WHAT TO PRODUCE: Go through the data below and copy it exactly, skipping every picture.
*** Opening SUPPLIED INFORMATION ***
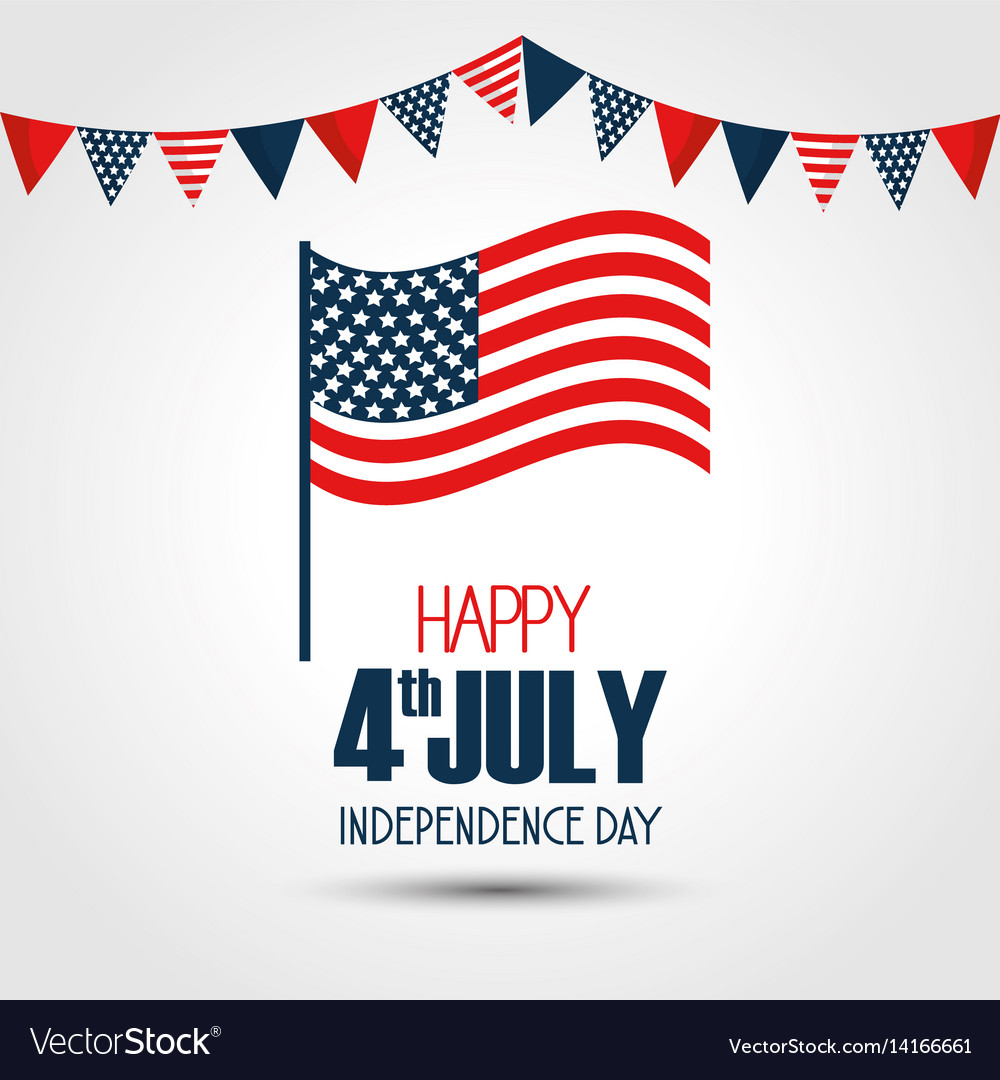 Independence day with usa flag Royalty Free Vector Image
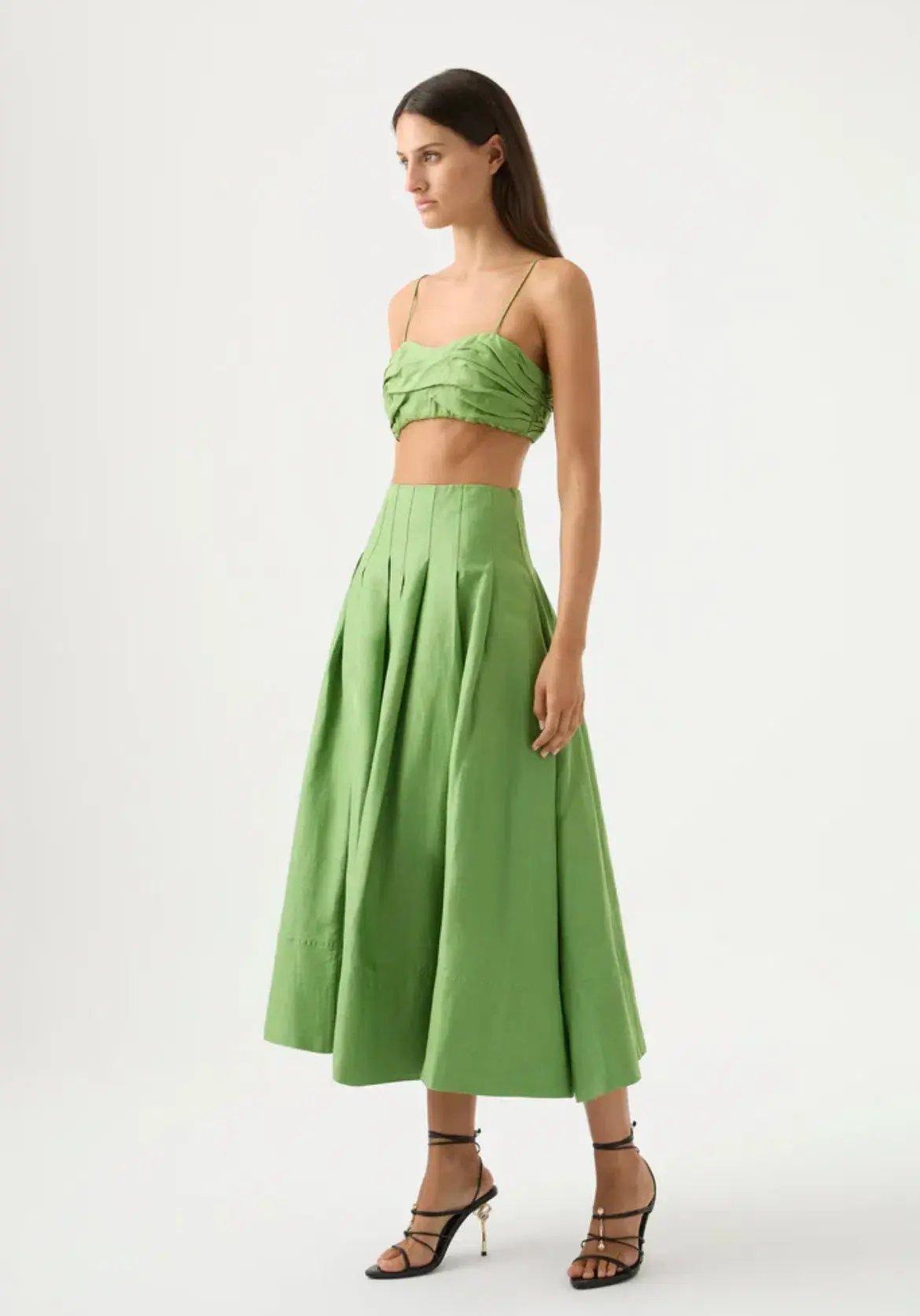 Aje Paradiso Skirt And Thea Draped Twist Crop Top Set Fern Green Size 6 photo 2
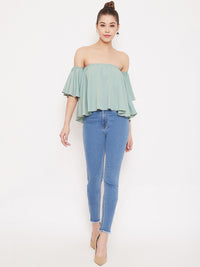 Berrylush Women Green Solid Bardot Top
*** Closing SUPPLIED INFORMATION ***
TASK RESULT:
 Independence day with usa flag Royalty Free Vector Image
 Aje Paradiso Skirt And Thea Draped Twist Crop Top Set Fern Green Size 6 photo 2
 Berrylush Women Green Solid Bardot Top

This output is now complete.